A pesar de que la temperatura había bajado considerablemente con la caída de la noche, una cantidad sorprendente de gente asistió al mismo. Pero no se parecía en nada a lo que nosotros, como argentinos, conocemos como recital.

La diferencia estribaba en la actitud de la gente. Lejos del entusiasmo que habían demostrado en presencia de los tanques, camiones y soldados esa misma tarde, se mostraban ahora sumamente calmados (a pesar de que el vodka ya había empezado a correr).

Las bandas se fueron sucediendo en lo que para nosotros resulto un trance francamente aburrido, hasta que a las 10 por fin dio comienzo el espectáculo de fuegos artificiales.

Fue sin previo aviso.
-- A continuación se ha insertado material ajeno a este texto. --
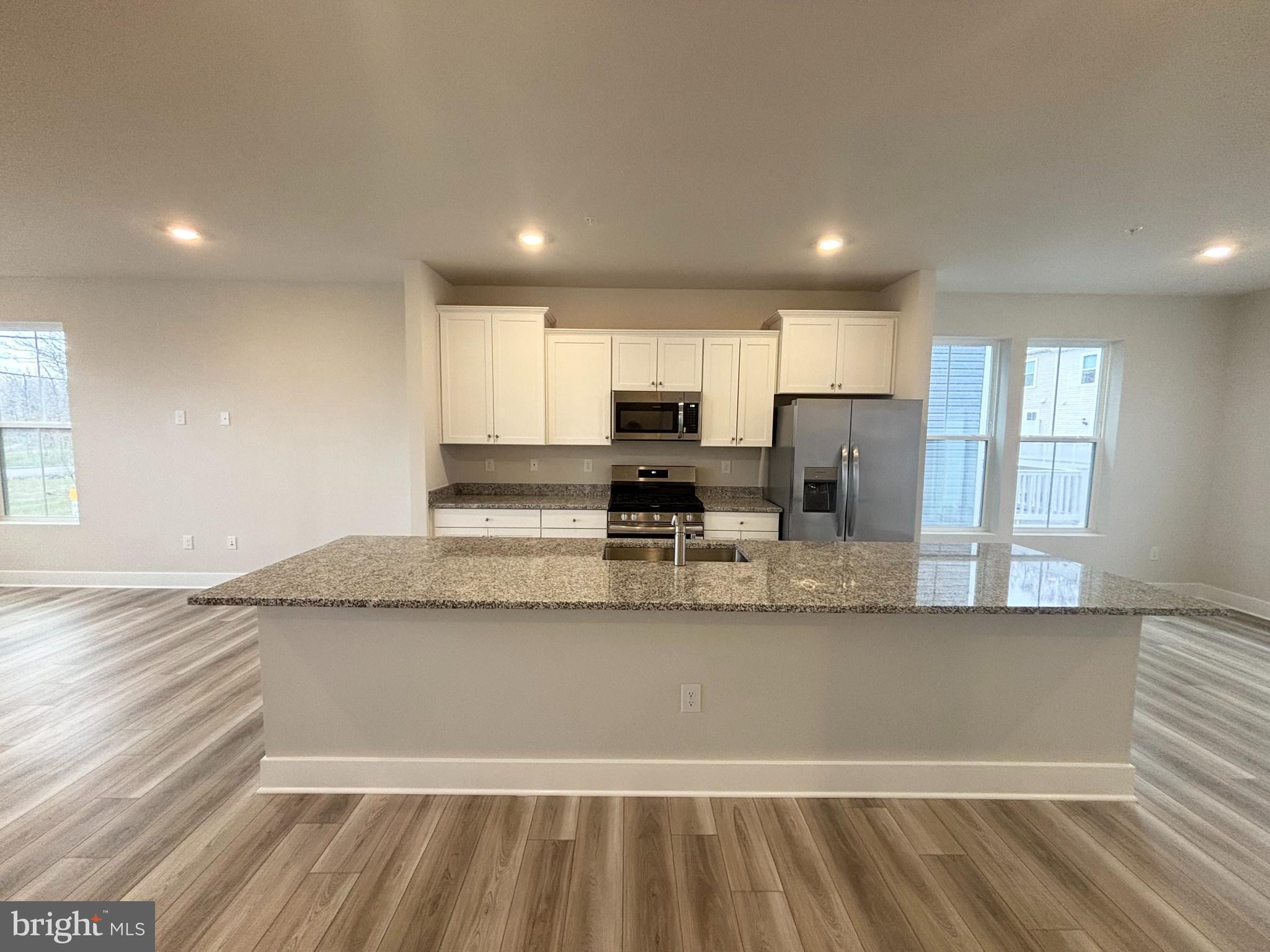 7260 Contee Road Laurel, MD 20707 - Photo 3 of 13 a large kitchen with granite countertop a large counter top stainless steel appliances and cabinets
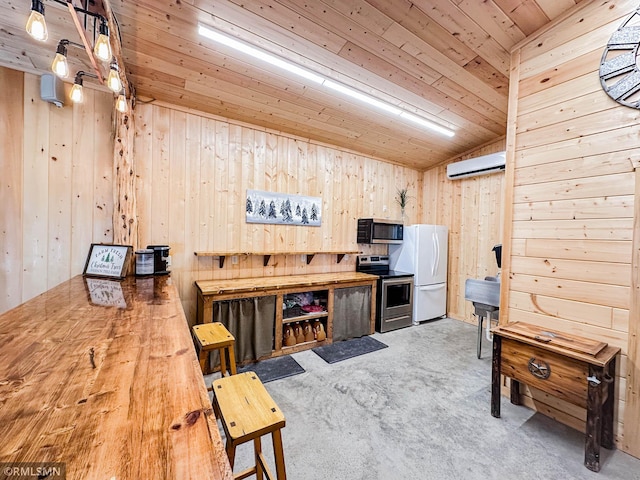 interior space with stainless steel appliances, wooden walls, lofted ceiling, and a wall unit AC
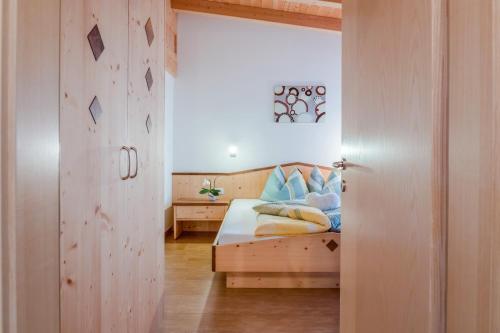 a bedroom with a bed with blue pillows at Hofschenke Pfeiftal - Bergwiese in San Martino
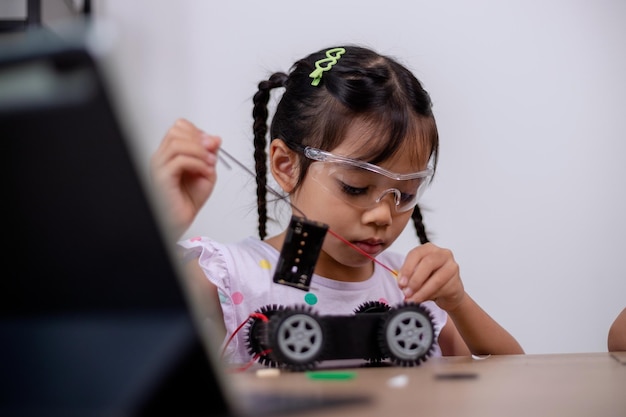 Estudantes asiáticos aprendem em casa codificando carros robôs e cabos de placas eletrônicas em STEM STEAM matemática engenharia ciência tecnologia código de computador em robótica para conceitos infantis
La última banda estaba terminando de saludar al público cuando se escuchó una tremenda explosión y templo el suelo. El susto que me di, teniendo en cuenta la situación actual en la que se encuentra Europa, no tiene nombre.

Pero duro poco, ya que enseguida el despejado cielo nocturno se ilumino con una lluvia de colores.

Fue un final digno de un día algo extraño, pero sin duda difícil de olvidar.

Un día para conocer

Ya teníamos los pasajes comprados para seguir camino hasta Kazan a bordo del Tren Transiberiano, lo que significaba que nos quedaba sólo un día para recorrer Ekaterimburgo. Por suerte, el día anterior ya habíamos caminado bastante.

¿Recuerdan que les contábamos que Ekaterimburgo era famoso porque allí fue donde mataron al último Zar de Rusia junto a toda su familia? Bueno, si bien la casa donde sucedió fue destruida en 1977, en el año 2000 fue aprobado el proyecto para la construcción de una iglesia en el lugar.

En el año 2003 se inauguraba la Iglesia en la Sangre, en honor al Zar Nicolás II y su familia. Allí fuimos a conocerla.

Desde allí empezamos a seguir una línea roja que se encontraba pintada en el suelo llamada Red Trail que avanza por Ekaterimburgo pasando por los principales atractivos turísticos.

Plazas, monumentos e iglesias se repetían constantemente en nuestra caminata.

El resto del día lo pasamos como nos gusta. Explorando, caminando, sentándonos a descansar y a leer, a pesar del clima que parecía no querer mejorar.

Ekaterimburgo resulto ser, tal como habíamos percibido desde el principio, una singular mezcla de arquitectura soviética y antigua, con iglesias y catedrales que evocan el fanatismo religioso característico de Rusia, con palacetes del Siglo XIX que recuerdan el pasado aristocrático del país y con los gigantescos bloques de edificios de claro carácter soviético.

Nuestro breve paso por Ekaterimburgo nos dejó con la profunda sensación de que nos íbamos conociendo mucho más sobre Rusia que cuando llegamos. Fueron ésta vez las experiencias que vivimos en la ciudad, más que la ciudad en sí misma, lo que logro tocar una profunda fibra en nuestro ser.